High Net Worth
GUEST ARTICLE: The Role Of Special Committees In Family-Owned Businesses

Here, Brian Hoffmann - a partner at the law firm McDermott Will & Emery - talks about the role of special committees in family-owned businesses.
Here, Brian Hoffmann - a partner at the law firm McDermott Will & Emery - talks about the role of special committees in family-owned businesses, particularly when it comes to matters related to M&A, for example.
Based in New York, Hoffmann focuses his practice on complex corporate matters including hostile takeovers, proxy fights, sales and divestitures, cross-border transactions, management and leveraged buyouts, acquisitions of distressed companies, and domestic and international capital markets fund-raising activities.
The issues raised in this article are significant in the context of high net worth families as many will have acquired their wealth through a successful business venture or now own their own companies. The issue of governance is intensifying in the world of wealth management and Family Wealth Report welcomes reader responses.
Recent studies have shown a correlation between corporate governance and success in family owned businesses. Not surprisingly in recent years - objectively viewed - governance in family-owned businesses has improved.
One of the keys to the improvement is the greater use of independent directors in family-owned businesses. The laws relating to fiduciary duties suggest this trend should be taken a step further by using special committees of independent directors for certain major corporate decisions by family-owned businesses.
For purposes of this article, we take a Delaware-centric view of the law.
Properly structuring and developing corporate governance practices for family-owned businesses requires an in-depth understanding and familiarity with the applicable standards of fiduciary duty. In general, the same legal standards of review pursuant to which the actions and omissions of directors of public companies are reviewed and evaluated, are applicable to the directors of private enterprises and family-owned businesses. Standards of fiduciary duty for public and private directors fall into two principal categories: the duty of loyalty and the duty of care.

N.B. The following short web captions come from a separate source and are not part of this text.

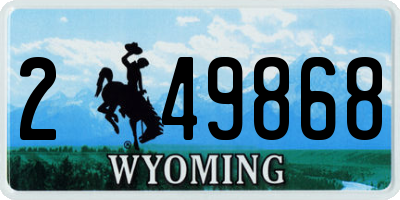 WY license plate 249868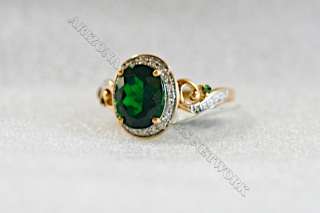ACN♥ VVS 2.45ct Russian Chrome Diopside & Diam 10k Yellow Gold 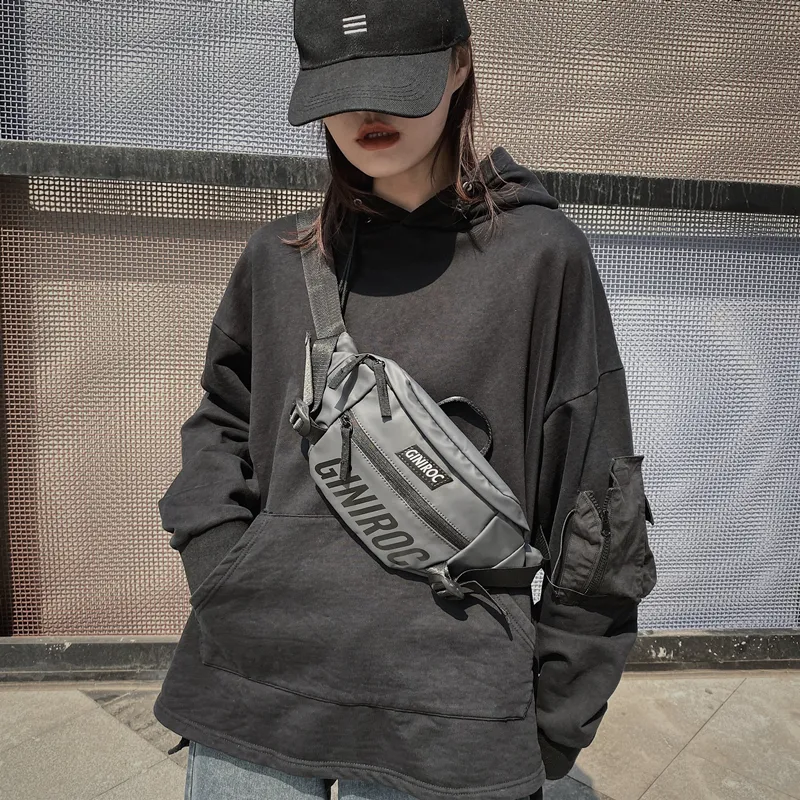 Trendy Unisex Chest Bag for Street Style, Waist Pack with Print - 3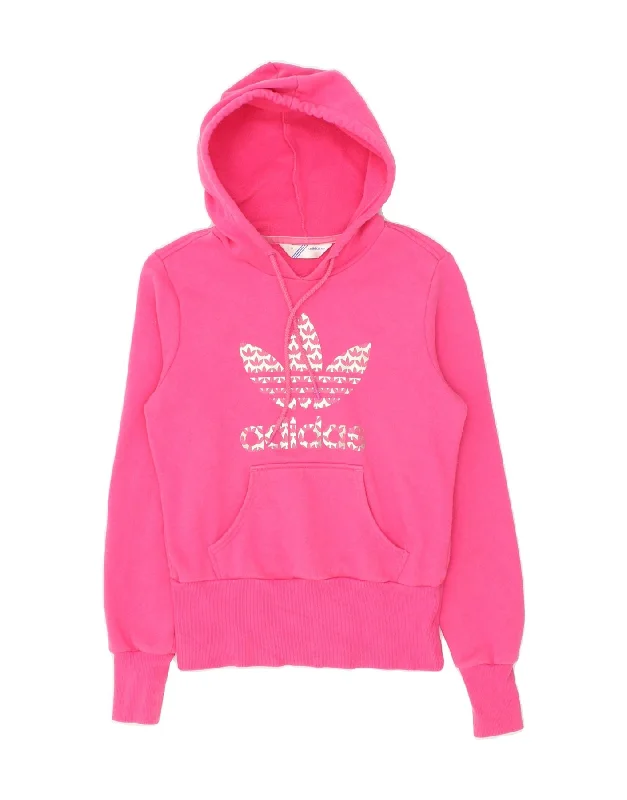 ADIDAS Womens Graphic Hoodie Jumper IT 38 XS Pink Cotton Hoodie with Monochrome Minimalist Simple ADIDAS Womens Graphic Hoodie Jumper IT 38 XS Pink Cotton Hoodie with Monochrome Minimalist Simple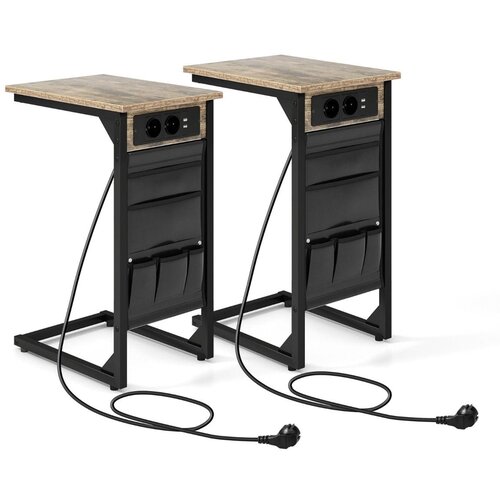 Costway Komplet Stranska mizica s polnilno postajo Miza za kavo Nočna mizica 2pcs, (5000018628) Slike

The fiduciary duties of care and loyalty
The duty of care requires directors of both public and private companies to act prudently and fully inform themselves in overseeing the business of a corporation and managing the strategic decision-making process relating to corporate opportunities.
Compliance with the duty of care requires active diligence and oversight on the part of directors. Directors must attend regular meetings, take time to understand the terms of material transactions, and make decisions only after discussion and review, including input from legal and financial experts as appropriate.

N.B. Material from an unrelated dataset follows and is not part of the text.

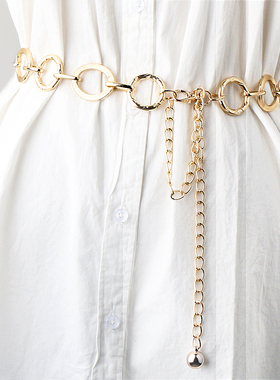 韩版时尚圆圈金属腰链女装饰连衣裙百搭链条腰带大码加长裙子配饰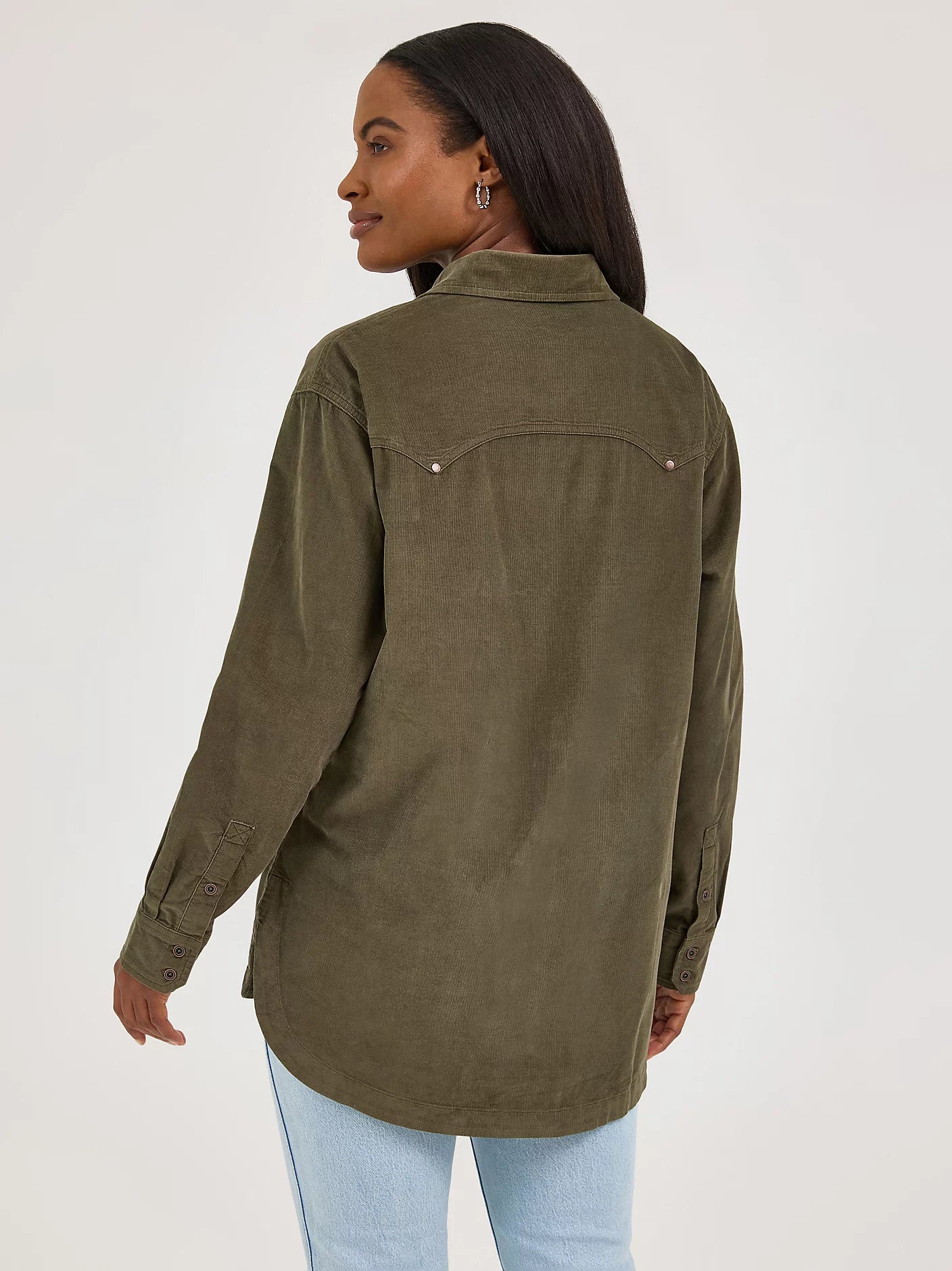 Wrangler - Women's Retro Punchy Boyfriend Cord Shirt - Olive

Directors have an obligation to inform themselves of all material information reasonably available to them before making strategic decisions on behalf of a corporation. Compliance with the duty of care may be scrutinized more closely for directors of public companies, given the additional disclosure that public companies have to make in their filings with the Securities and Exchange Commission, but is generally no more or less burdensome for directors of private companies. Complying with the duty of care for a director of a family business, however, may be significantly more difficult given that the likelihood of conflicts of interest is often much greater in the private company context.

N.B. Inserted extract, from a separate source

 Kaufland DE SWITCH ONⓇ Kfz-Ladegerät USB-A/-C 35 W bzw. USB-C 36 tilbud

Unless family member directors are grossly negligent, or act with “reckless indifference to stockholder concerns or act in a manner that is completely irrational with respect to their decision-making process,” a breach of the duty of care would likely not be triggered under Delaware law (see: Smith v. Van Gorkom, 488 A.2d 858, 873 (Del. 1985).)
In evaluating risk mitigation strategies and proper governance practices, the fiduciary duty of loyalty likely will be of potential greater concern in the context of family-owned enterprises than the duty of care because of the greater incidence of conflicts of interest.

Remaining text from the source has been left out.